He is blind, has seizures, and will have a feeding tube for the rest of his
life. The family decides to bring him home for the constant care he must have.
The book traces the effect of this horrendous event on each
member of the family in the terrible years that follow. As Sonali Deraniyagala
wrote in the New York Times Sunday Book
Review (4/3/14):
‘Family Life’ is devastating as it reveals how love
becomes warped and jagged and even seemingly vanishes in the midst of huge
grief. But it also gives us beautiful, heart-stopping scenes where love in the
Mishra family finds air and ease.
…But where ‘Family Life’ really blazes is in its handling
of Mrs. Mishra’s grief. Sharma is compassionate but unflinching as he tells of
this mother’s persistent and desperate efforts to cope over the years.
Again, William Fiennes, chair of the judges’ committee: “Family Life is a masterful novel of distilled complexity: about catastrophe and survival; attachment and independence; the tension between selfishness and responsibility. We loved its deceptive simplicity and rare warmth. More than a decade in the writing, this is a work of art that expands with each re-reading and a novel that will endure.”
Sharma himself has described the book:
To me the novel is about a child in a claustrophobic
family turning into a self – and about the grown-up going back and trying to
figure out what happened. This, as you know, is a traditional thing for a
modernist novel to do. I would compare Family
Life to The Way of All Flesh, for
example, or to A Portrait of the Artist
as a Young Man, which was inspired by The
Way of All Flesh. But to me it is also the story of my generation of Indian
Americans. My sense is that this is something new: a rigorous modernist novel
of the childhood self that deals specifically with the Indian immigrant
experience. (“A Conversation Between Akhil Sharma and Mohsin Hamid,”)
Photo by Andrew Crowley |
Sharma’s first novel, AN OBEDIENT FATHER, won both the 2001
PEN/Hemingway Award and Whiting Writers’ Award. FAMILY LIFE was named one of
the 2014 Ten Best Books of the Year by the New York Times. His short stories
have appeared in The New Yorker, The
Atlantic Monthly, The Quarterly, Fiction, Best American Short Stories and
the O. Henry Award Winners anthology.
He is an assistant professor in the Rutgers-Newark MFA program.
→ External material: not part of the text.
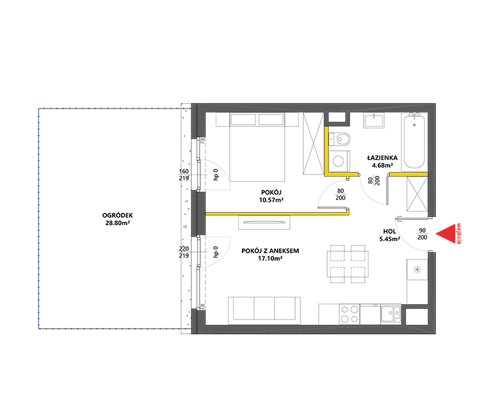Plan 2 pok. 38m²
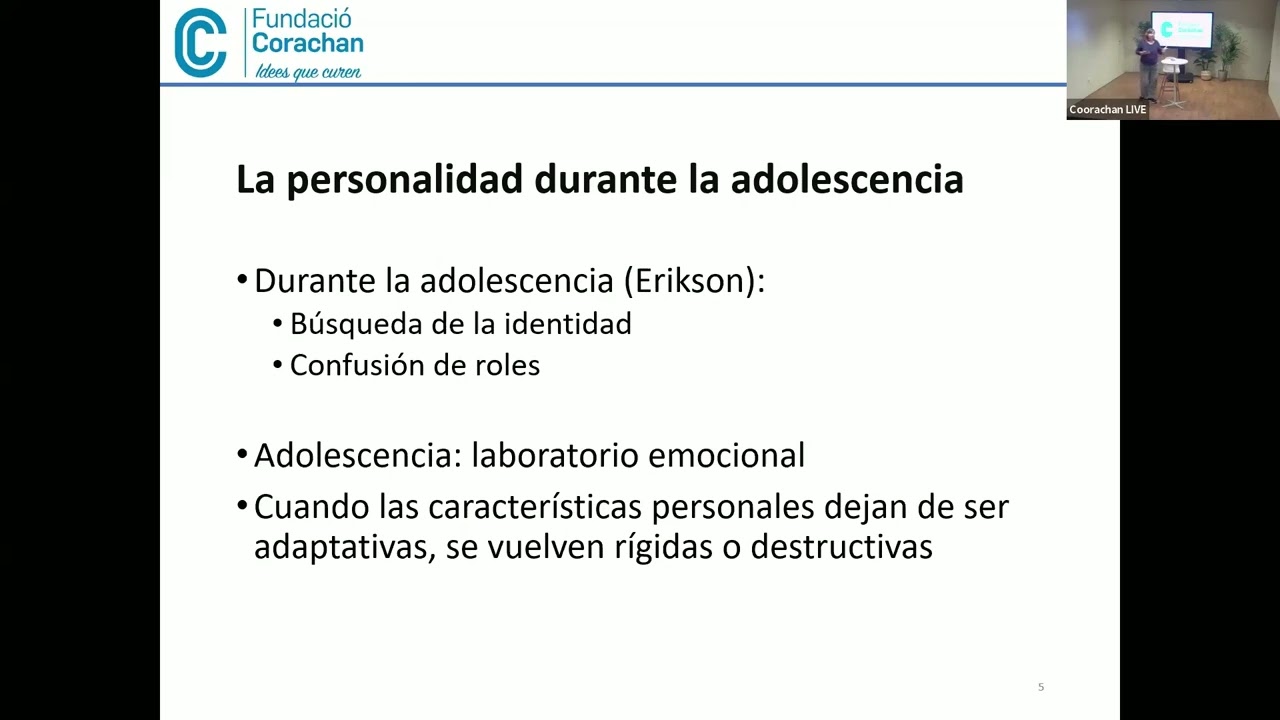 4ª Sesión Webinar: Adolescencia y juventud: comprender para ayudar 2025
Sharma also wrote an article for Elle Magazine entitled “I
Resent My Wife’s Earning Potential” (5/5/14). In it, he tells how, shortly after
their marriage, he went to his wife’s office and asked her if he could quit his
very, very lucrative job as an investment banker to write this novel. He told
her that it would probably take him about three years. She agreed. Publication
of the book occurred approximately thirteen years after that conversation.